Clock mask circuit 208 has an input port coupled to STPCLK# buffer 203 and comprises circuitry for generating active low clock mask signal 211. Clock mask circuit 208 can comprise a state machine, a microcode engine, and an interrupt prioritizer to generate clock mask signal 211 such that microprocessor 200 is always in a known state when CLK signal 210 is masked, in accordance with U.S. Pat. No. 5,473,767, entitled "Method and Apparatus for Asynchronously Stopping the Clock in a Processor", issued Dec. 5, 1995. Alternatively, clock mask circuit 208 can comprise circuitry for generating clock mask signal 211 based on STPCLK# signal 294 in accordance with any desired algorithm, or can be omitted entirely to provide for masking of CLK signal 210 based directly on STPCLK# signal 294. As a further alternative, clock mask circuit 208 can generate clock mask signal 211 based on any indication that microprocessor 200 or execution unit 201 is to enter an idle state. For example, clock mask signal 211 can be asserted based on the execution of a HALT instruction in a microprocessor produced by Intel Corporation of Santa Clara, Calif.

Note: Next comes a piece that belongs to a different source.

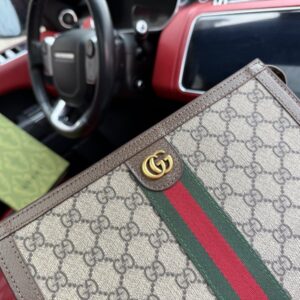 【AT9676】グッチ（Gucci）Ophidiaシリーズ ブラウンダミエ柄クラッチバッグ - 高級帆布素材、グリーンとレッドストライプ アクセント付き | Gucci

Clock mask signal 211 is coupled to one input port of a logic gate, AND gate 213 in this embodiment. The other input port of AND gate 213 is coupled to CLK signal 210. The output port of AND gate 213 is coupled to execution unit 202, more specifically to the clock ports, and any clock trees coupled to the clock ports, of all of the synchronous logic gates in execution unit 202. Therefore, when clock mask signal 211 is asserted (low), clock signal 216 is held low and none of the synchronous logic in execution unit 202 is clocked. Alternatively, the output port of AND gate 213 can be coupled to the clock ports, and any clock trees coupled to the clock ports, of some subset of all of the synchronous logic gates in execution unit 202, such that some portion of execution unit 202 remains operable even when clock mask signal 211 is asserted.
Clock unmask circuit 209 has an input port coupled to AHOLD buffer 204 and comprises circuitry for generating active high clock unmask signal 212. Various embodiments of clock unmask circuit 209 are possible using well known design techniques. In one embodiment, clock unmask circuit 209 can be omitted entirely such that the clock signal to cache 201 is unmasked whenever AHOLD 292 is asserted. In another embodiment, clock unmask circuit 209 can comprise synchronous or delay logic to ensure that the transition of clock unmask signal 212 does not produce a glitch in the clock signal to cache unit 201. In another embodiment, clock unmask circuit 209 can comprise circuitry to combine AHOLD signal 292 with other input signals to clock unmask circuit 209, such that the clock signal to cache 201 can be unmasked based on additional triggers. Potential additional triggers include other signals that indicate requests for microprocessor 200 to float certain signal lines of host bus 251. In a computer system wherein microprocessor 200 is microprocessor produced by Intel Corporation of Santa Clara, Calif., such signals can include HOLD, a bus hold request signal used to request that the microprocessor floats all bus signals after completing all current and pending bus cycles, and BOFF#, a backoff signal used to force the microprocessor off the bus in the next clock cycle. In another embodiment, clock unmask circuit 209 can include a programmable clock mask enable register, such that the assertion of clock unmask signal 212 is subject to programmable control. Such an embodiment of clock unmask circuit 209 provides for conditional masking of the clock to cache unit 201 based on the contents of the clock mask enable register, i.e. setting a particular bit in the clock mask enable register can cause clock unmask signal 212 to be continuously asserted, thereby preventing the masking of the clock to cache unit 201 based on the assertion of STPCLK# signal 294. Further embodiments are also possible, including embodiments that include a combination of the features of the described embodiments.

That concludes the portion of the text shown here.